# Task description
Give the data again exactly as written, without any of its pictures.

# Given information

---

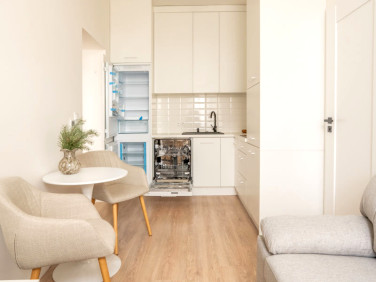 Mieszkanie Leszno wynajem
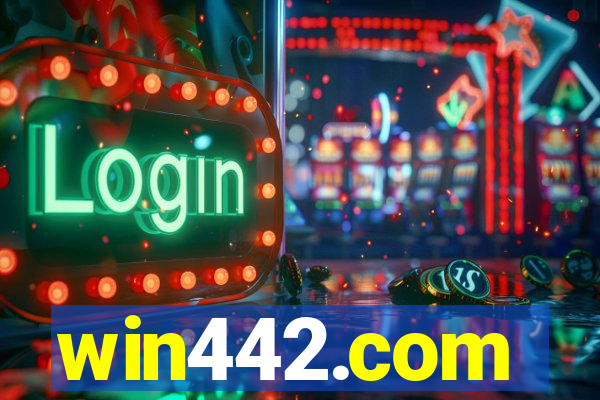 win442.com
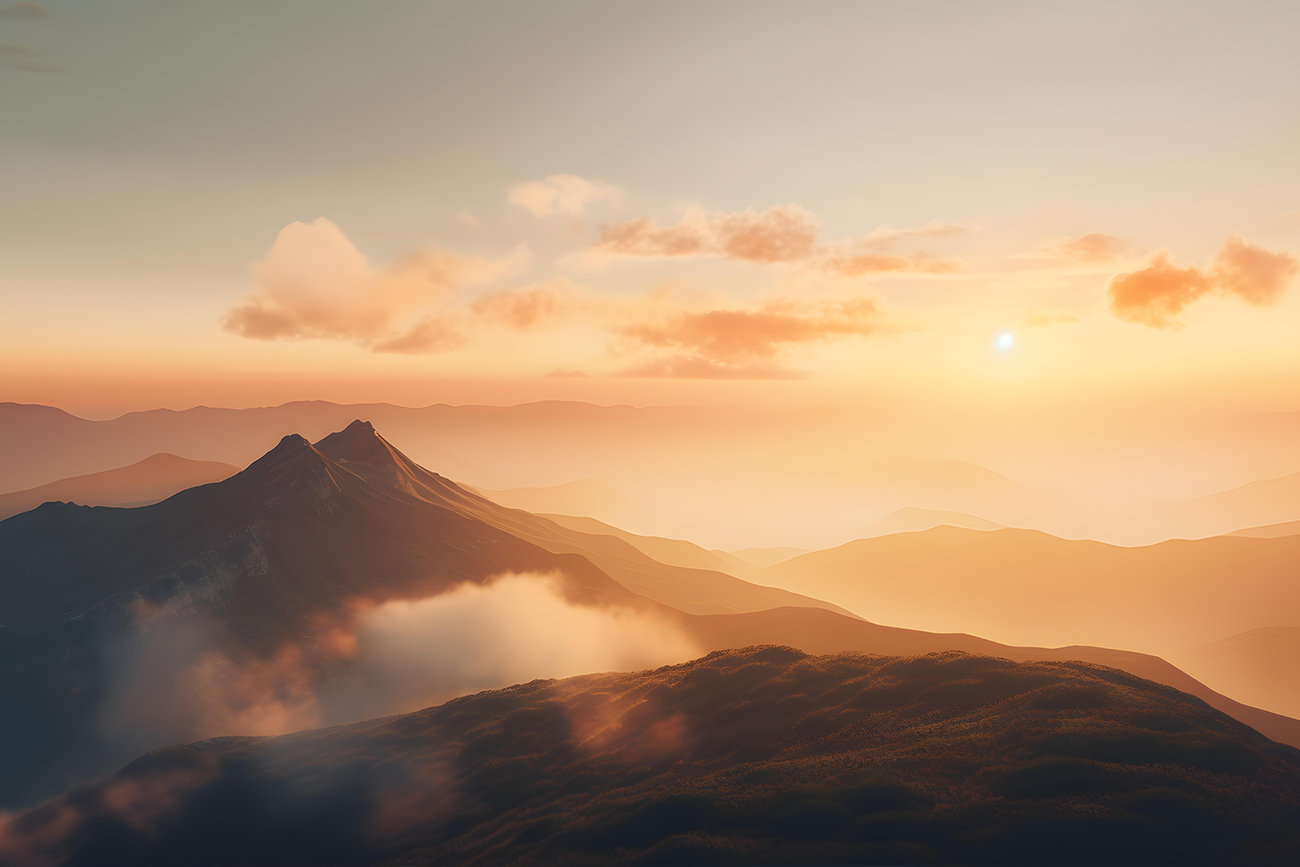 Impression aus der Schweizer Natur – Outdoor Explorer: Hochwertige Outdoor-Produkte für Wandern, Camping und Abenteuer.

---

# Reply to the exercise
 Mieszkanie Leszno wynajem
 win442.com
 Impression aus der Schweizer Natur – Outdoor Explorer: Hochwertige Outdoor-Produkte für Wandern, Camping und Abenteuer.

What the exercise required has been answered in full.